**THE PROBLEM**.
In the copy, include no pictures. Reproduce the rest of the entries exactly.

**EXERCISE MATERIALS**.
=== Begin Enclosure ===
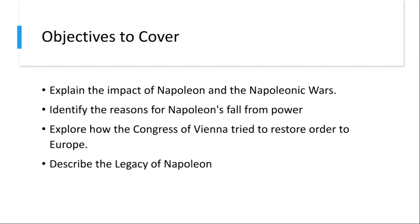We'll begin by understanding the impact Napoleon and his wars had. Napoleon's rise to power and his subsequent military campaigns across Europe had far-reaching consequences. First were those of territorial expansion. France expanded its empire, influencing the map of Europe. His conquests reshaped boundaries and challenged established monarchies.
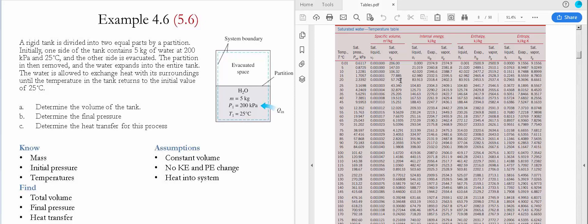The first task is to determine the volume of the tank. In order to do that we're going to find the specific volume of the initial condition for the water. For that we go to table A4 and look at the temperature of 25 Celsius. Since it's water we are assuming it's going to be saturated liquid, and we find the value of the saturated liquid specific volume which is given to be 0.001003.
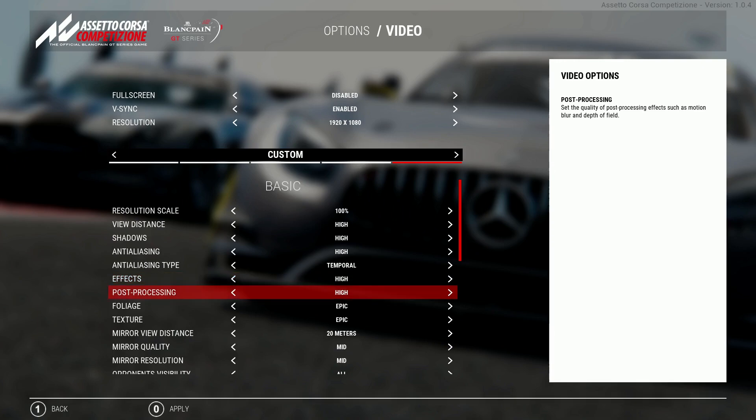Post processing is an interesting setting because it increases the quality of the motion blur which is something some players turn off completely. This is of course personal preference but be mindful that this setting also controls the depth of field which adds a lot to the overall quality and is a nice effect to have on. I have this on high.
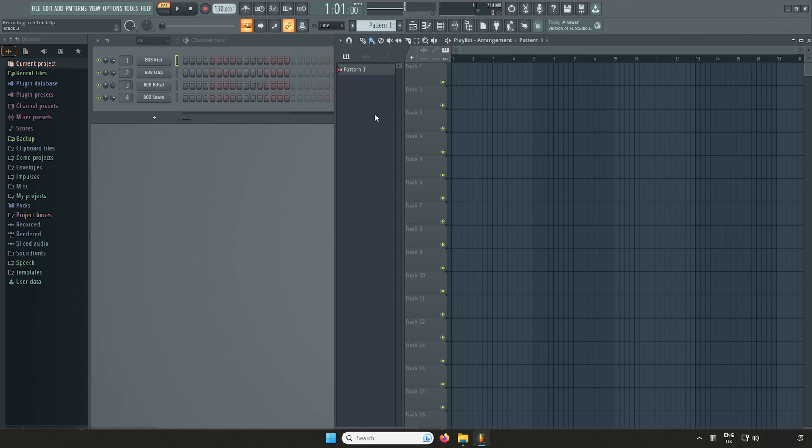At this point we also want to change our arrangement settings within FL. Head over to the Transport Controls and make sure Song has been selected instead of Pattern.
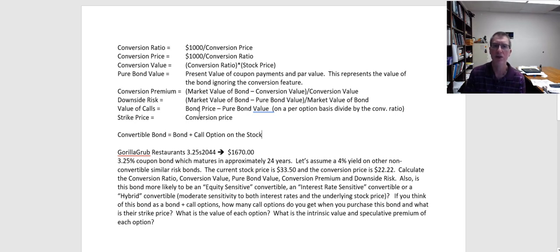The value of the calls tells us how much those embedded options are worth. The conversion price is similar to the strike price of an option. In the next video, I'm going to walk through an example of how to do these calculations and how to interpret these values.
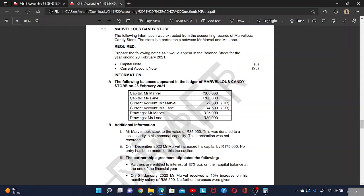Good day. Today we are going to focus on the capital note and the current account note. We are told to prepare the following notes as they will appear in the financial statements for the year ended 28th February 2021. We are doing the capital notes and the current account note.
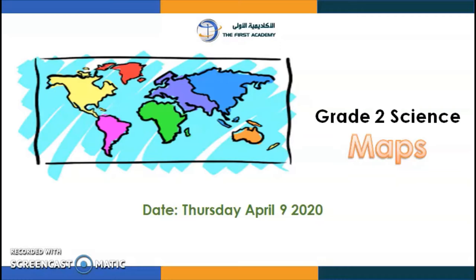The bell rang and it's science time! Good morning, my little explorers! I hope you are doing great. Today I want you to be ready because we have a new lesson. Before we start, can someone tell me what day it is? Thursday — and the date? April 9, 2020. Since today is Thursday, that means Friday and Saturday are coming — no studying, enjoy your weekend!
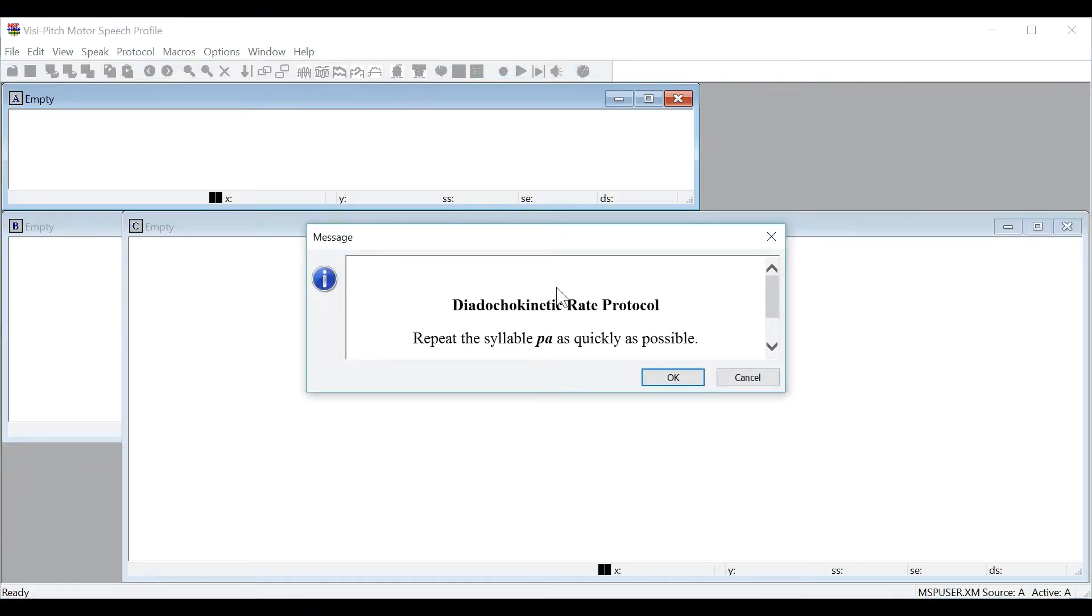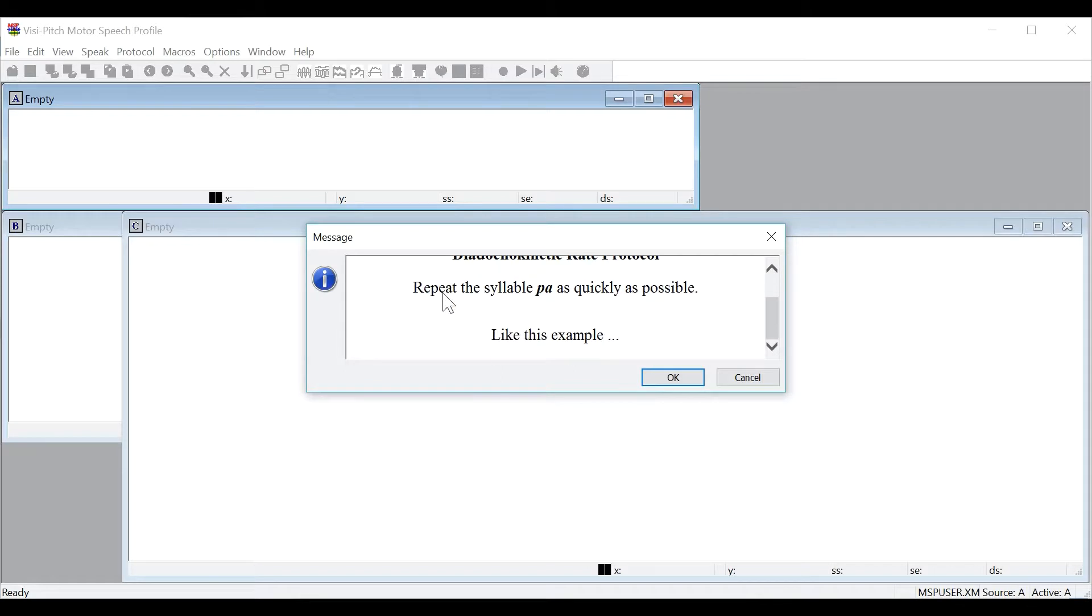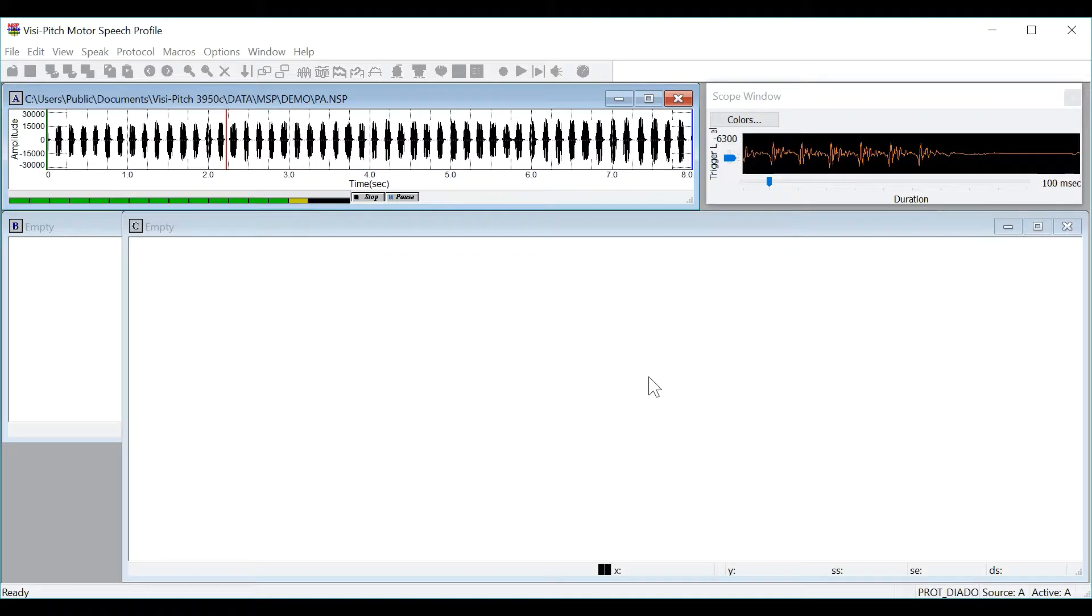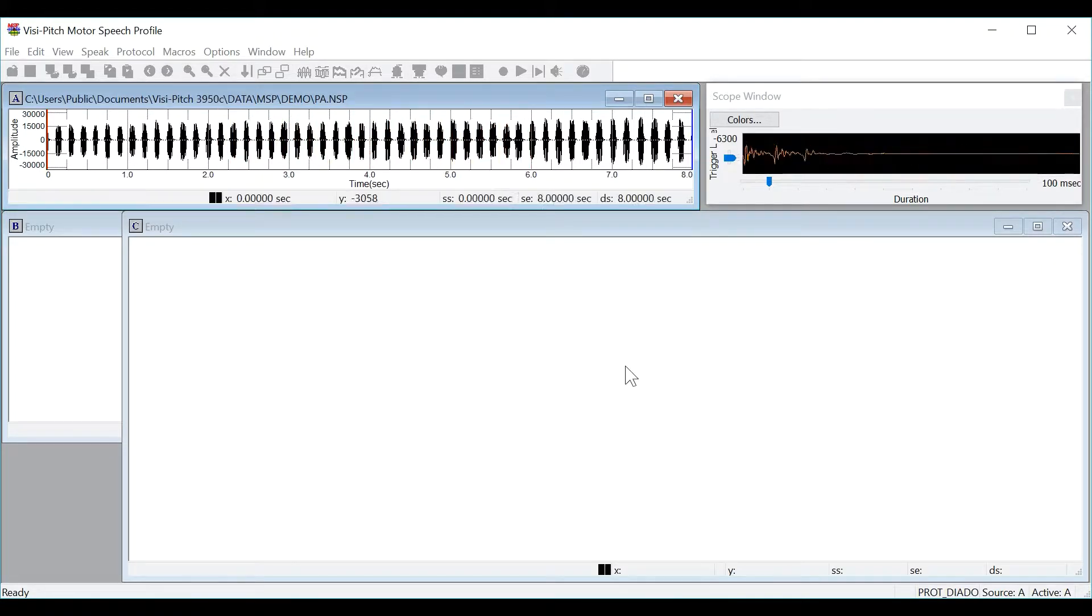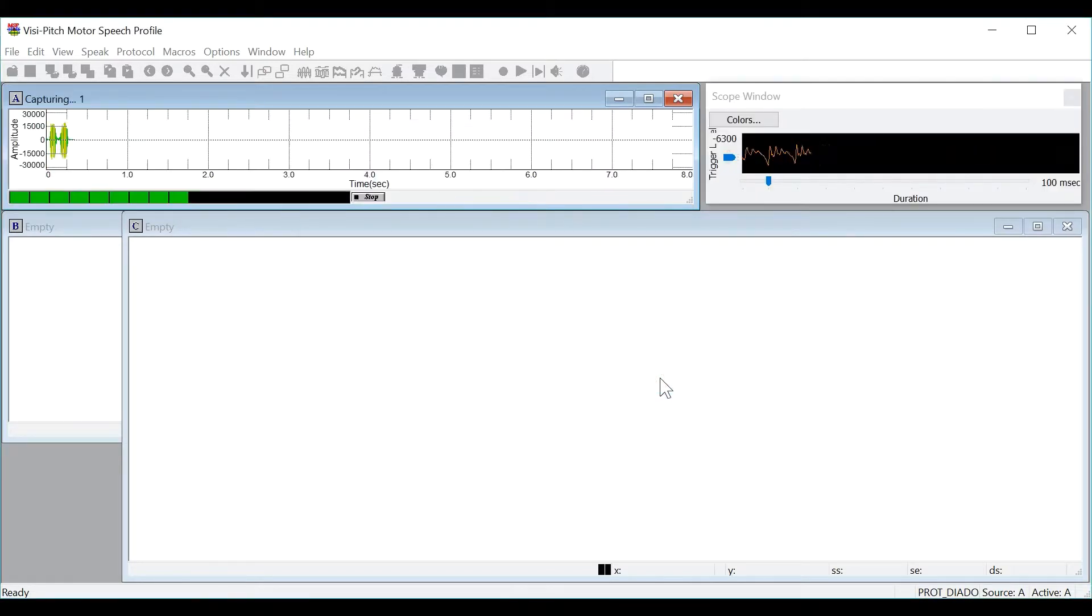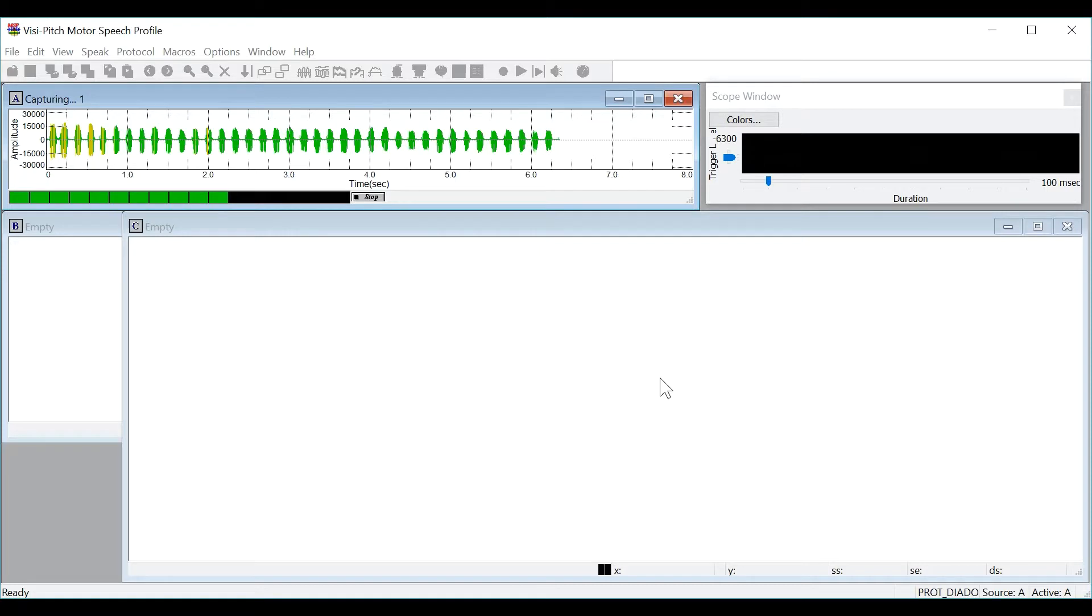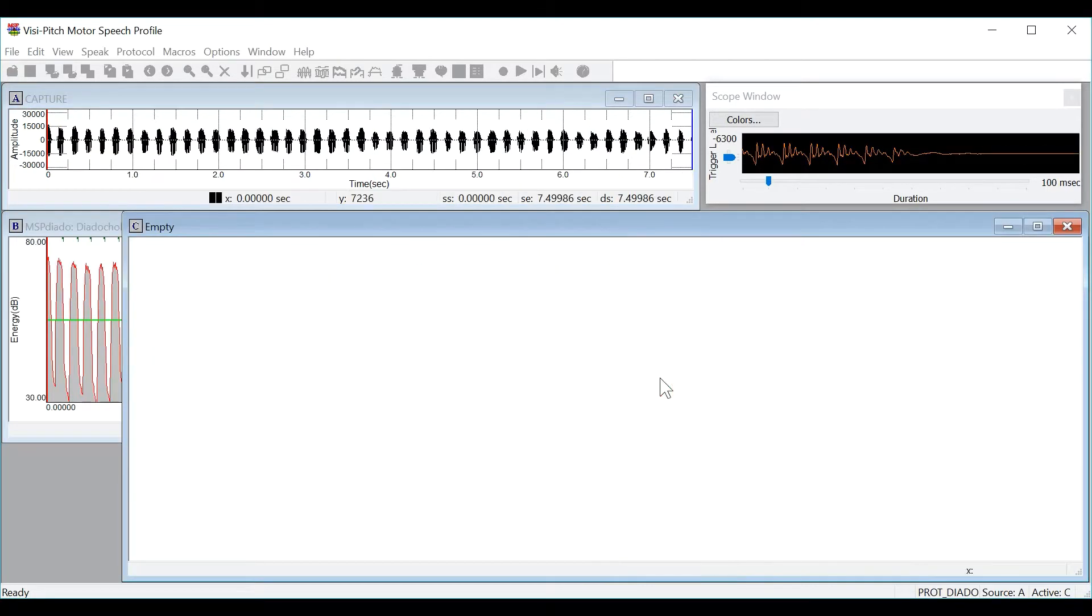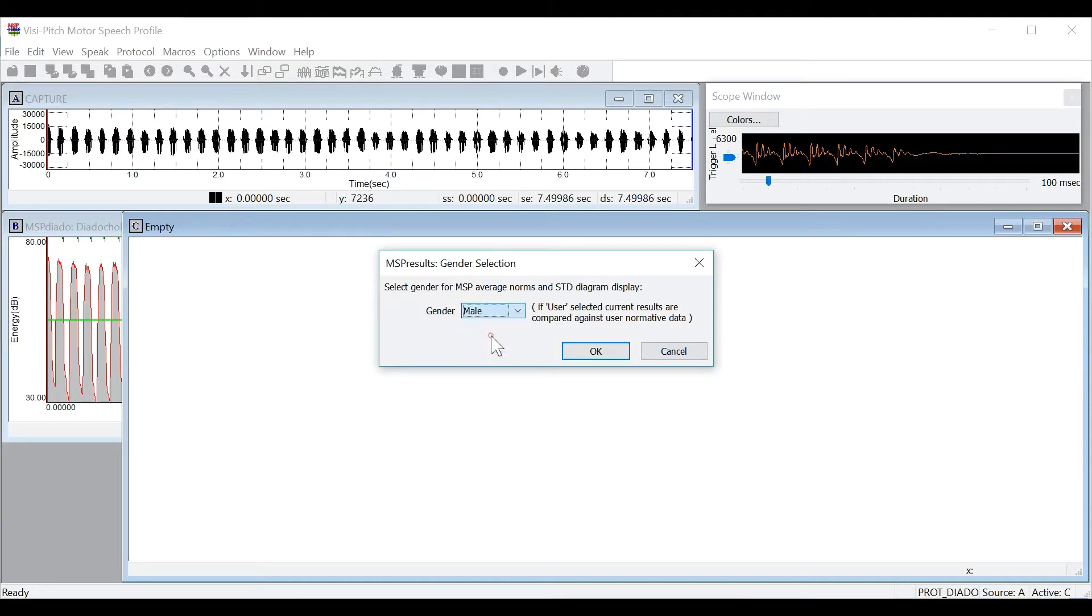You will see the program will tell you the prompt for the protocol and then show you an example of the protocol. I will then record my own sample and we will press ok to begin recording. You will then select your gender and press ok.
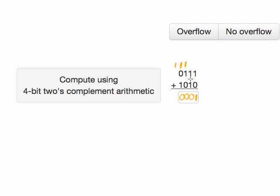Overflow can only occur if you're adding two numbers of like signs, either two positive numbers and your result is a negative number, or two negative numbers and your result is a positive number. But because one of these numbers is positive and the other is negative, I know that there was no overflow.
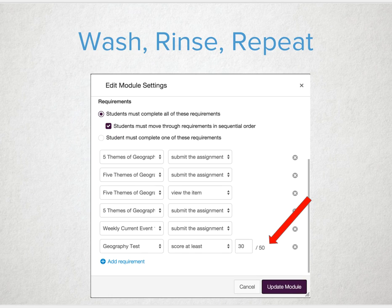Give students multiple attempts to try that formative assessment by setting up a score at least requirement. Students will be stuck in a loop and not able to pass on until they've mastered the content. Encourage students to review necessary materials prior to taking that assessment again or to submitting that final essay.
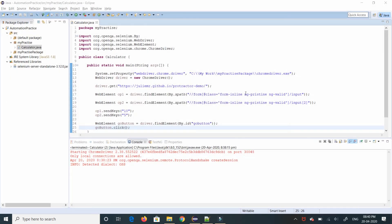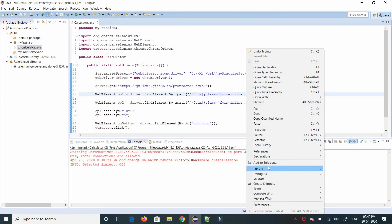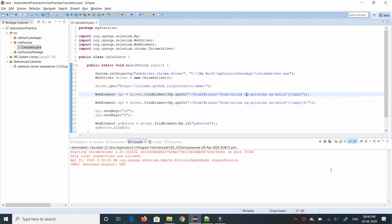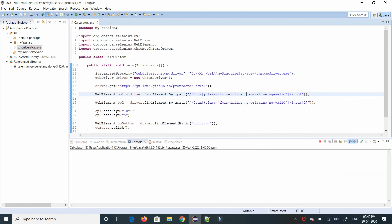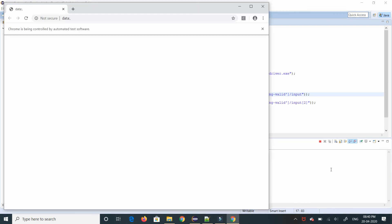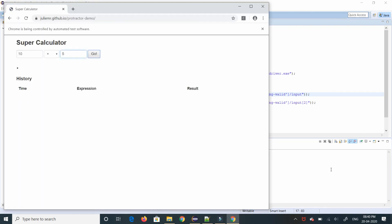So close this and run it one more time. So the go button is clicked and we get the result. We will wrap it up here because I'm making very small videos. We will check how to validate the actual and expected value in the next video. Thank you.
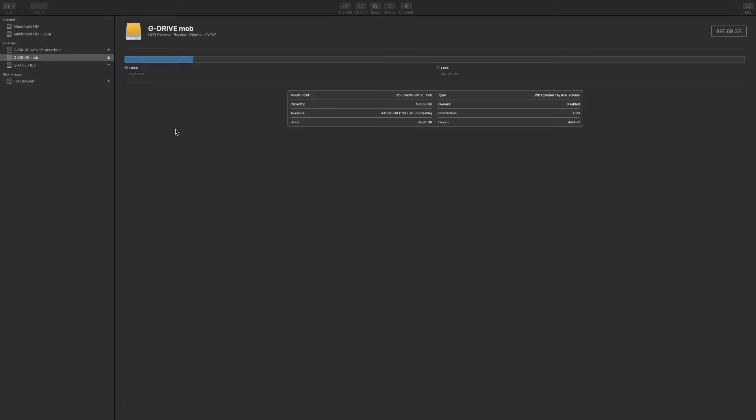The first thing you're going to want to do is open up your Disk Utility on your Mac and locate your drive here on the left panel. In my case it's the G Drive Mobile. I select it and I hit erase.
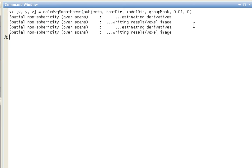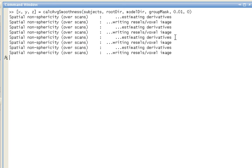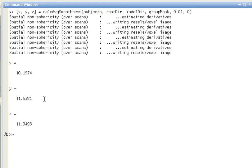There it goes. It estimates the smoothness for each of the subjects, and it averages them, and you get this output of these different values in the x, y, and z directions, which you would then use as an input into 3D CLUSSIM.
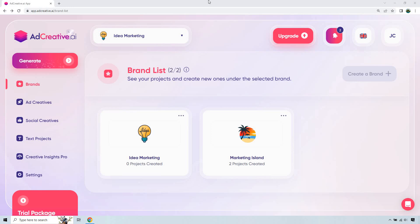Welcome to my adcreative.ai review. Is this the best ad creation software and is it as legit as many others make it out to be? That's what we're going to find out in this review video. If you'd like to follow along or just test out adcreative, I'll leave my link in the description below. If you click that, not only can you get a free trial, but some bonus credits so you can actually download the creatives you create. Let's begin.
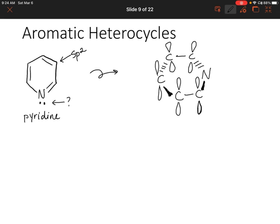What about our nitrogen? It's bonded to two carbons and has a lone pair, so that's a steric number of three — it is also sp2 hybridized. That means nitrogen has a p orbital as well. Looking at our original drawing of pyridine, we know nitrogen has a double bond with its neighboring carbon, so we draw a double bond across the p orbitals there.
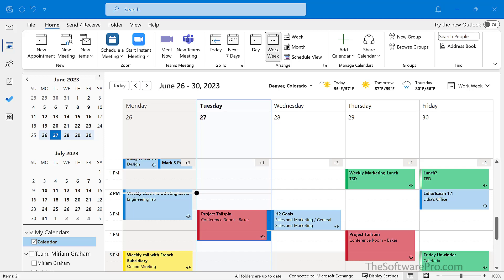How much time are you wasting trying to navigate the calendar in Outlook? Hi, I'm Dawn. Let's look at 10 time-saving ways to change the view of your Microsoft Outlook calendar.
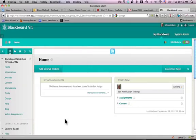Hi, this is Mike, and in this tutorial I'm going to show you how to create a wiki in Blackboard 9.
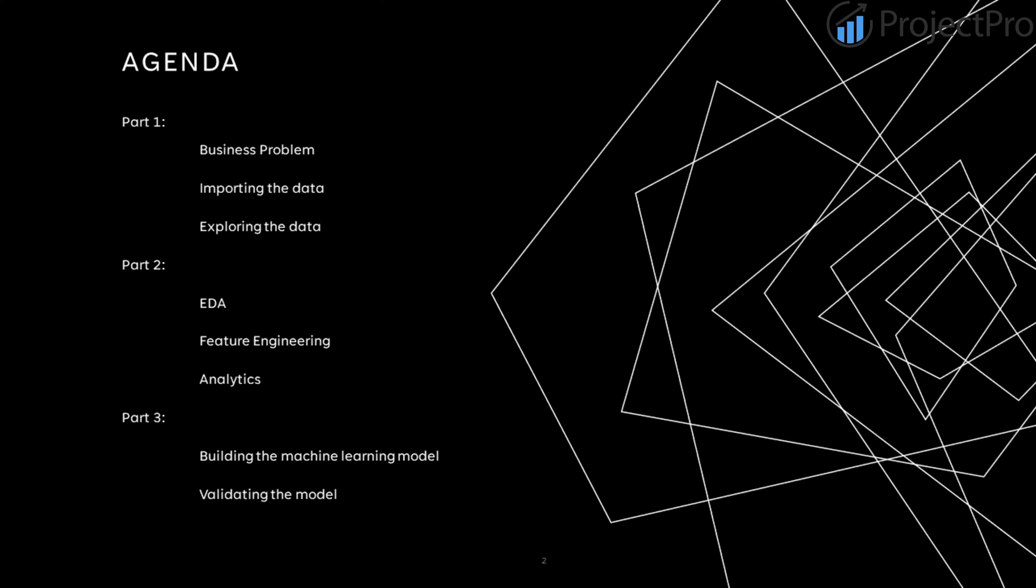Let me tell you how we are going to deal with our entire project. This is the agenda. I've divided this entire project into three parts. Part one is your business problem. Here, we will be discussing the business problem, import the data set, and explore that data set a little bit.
=== End Enclosure ===
**RESPONSE BOX**.
We'll begin by understanding the impact Napoleon and his wars had. Napoleon's rise to power and his subsequent military campaigns across Europe had far-reaching consequences. First were those of territorial expansion. France expanded its empire, influencing the map of Europe. His conquests reshaped boundaries and challenged established monarchies.
The first task is to determine the volume of the tank. In order to do that we're going to find the specific volume of the initial condition for the water. For that we go to table A4 and look at the temperature of 25 Celsius. Since it's water we are assuming it's going to be saturated liquid, and we find the value of the saturated liquid specific volume which is given to be 0.001003.
Post processing is an interesting setting because it increases the quality of the motion blur which is something some players turn off completely. This is of course personal preference but be mindful that this setting also controls the depth of field which adds a lot to the overall quality and is a nice effect to have on. I have this on high.
At this point we also want to change our arrangement settings within FL. Head over to the Transport Controls and make sure Song has been selected instead of Pattern.
The value of the calls tells us how much those embedded options are worth. The conversion price is similar to the strike price of an option. In the next video, I'm going to walk through an example of how to do these calculations and how to interpret these values.
Good day. Today we are going to focus on the capital note and the current account note. We are told to prepare the following notes as they will appear in the financial statements for the year ended 28th February 2021. We are doing the capital notes and the current account note.
The bell rang and it's science time! Good morning, my little explorers! I hope you are doing great. Today I want you to be ready because we have a new lesson. Before we start, can someone tell me what day it is? Thursday — and the date? April 9, 2020. Since today is Thursday, that means Friday and Saturday are coming — no studying, enjoy your weekend!
You will see the program will tell you the prompt for the protocol and then show you an example of the protocol. I will then record my own sample and we will press ok to begin recording. You will then select your gender and press ok.
Overflow can only occur if you're adding two numbers of like signs, either two positive numbers and your result is a negative number, or two negative numbers and your result is a positive number. But because one of these numbers is positive and the other is negative, I know that there was no overflow.
Give students multiple attempts to try that formative assessment by setting up a score at least requirement. Students will be stuck in a loop and not able to pass on until they've mastered the content. Encourage students to review necessary materials prior to taking that assessment again or to submitting that final essay.
So close this and run it one more time. So the go button is clicked and we get the result. We will wrap it up here because I'm making very small videos. We will check how to validate the actual and expected value in the next video. Thank you.
The first thing you're going to want to do is open up your Disk Utility on your Mac and locate your drive here on the left panel. In my case it's the G Drive Mobile. I select it and I hit erase.
There it goes. It estimates the smoothness for each of the subjects, and it averages them, and you get this output of these different values in the x, y, and z directions, which you would then use as an input into 3D CLUSSIM.
Welcome to my adcreative.ai review. Is this the best ad creation software and is it as legit as many others make it out to be? That's what we're going to find out in this review video. If you'd like to follow along or just test out adcreative, I'll leave my link in the description below. If you click that, not only can you get a free trial, but some bonus credits so you can actually download the creatives you create. Let's begin.
What about our nitrogen? It's bonded to two carbons and has a lone pair, so that's a steric number of three — it is also sp2 hybridized. That means nitrogen has a p orbital as well. Looking at our original drawing of pyridine, we know nitrogen has a double bond with its neighboring carbon, so we draw a double bond across the p orbitals there.
How much time are you wasting trying to navigate the calendar in Outlook? Hi, I'm Dawn. Let's look at 10 time-saving ways to change the view of your Microsoft Outlook calendar.
Hi, this is Mike, and in this tutorial I'm going to show you how to create a wiki in Blackboard 9.
Let me tell you how we are going to deal with our entire project. This is the agenda. I've divided this entire project into three parts. Part one is your business problem. Here, we will be discussing the business problem, import the data set, and explore that data set a little bit.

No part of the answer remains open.